Noch ist unklar, wie dereinst Baumaterialien und -teile direkt und ohne wesentliche Verluste in neue Bauwerke zurückgeführt werden können. Das Themenfeld ist neu. Klar ist nur: Wenn die graue Umweltbelastung der Bauwirtschaft substanziell reduziert werden soll, dann wird ein Paradigmenwechsel in der Planung stattfinden müssen.

Dieser Paradigmenwechsel in der Planung bringt nicht nur Herausforderungen, sondern vielmehr auch Chancen mit sich. Fachkenntnisse sind gefragt, neue Handlungsfelder und Gestaltungsräume tun sich auf. In der Special Week «Bauabfälle als Ressource» machten sich Studierende und Dozierende auf die Suche nach neuen Ideen.

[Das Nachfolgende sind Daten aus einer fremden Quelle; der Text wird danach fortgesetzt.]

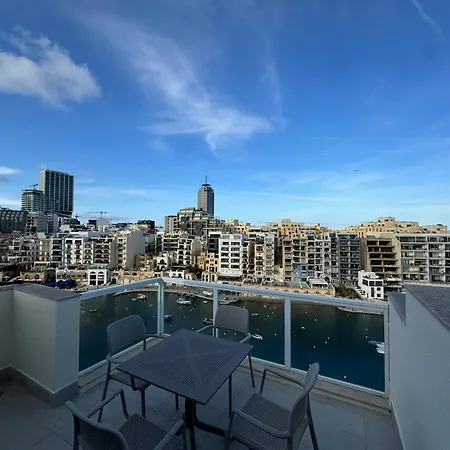 Giuliani Seafront Penthouse 16 St. Julian's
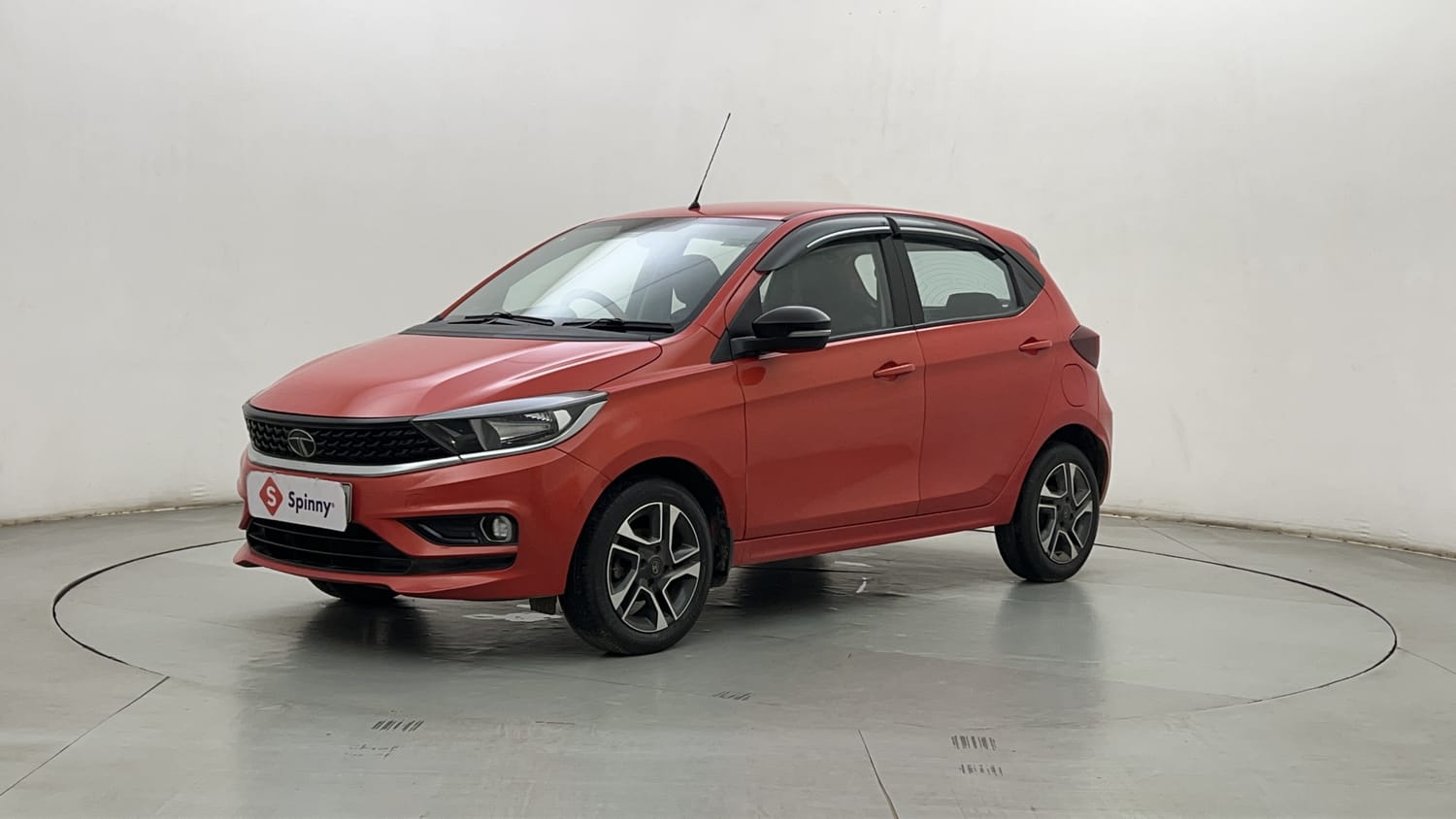 2020 Tata Tiago XZ Plus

Die Zahlen sind eindrücklich: Gut 15 Prozent der in der Schweiz verursachten Umweltbelastung[1] gehen auf die Erstellung, den Unterhalt und die Entsorgung von Bauwerken zurück. Auf der anderen Seite ist der Bau für rund 84 Prozent der in der Schweiz produzierten Abfälle (65 Prozent Aushub- und Ausbruchmaterial und 19 Prozent Rückbaumaterial)[2] verantwortlich.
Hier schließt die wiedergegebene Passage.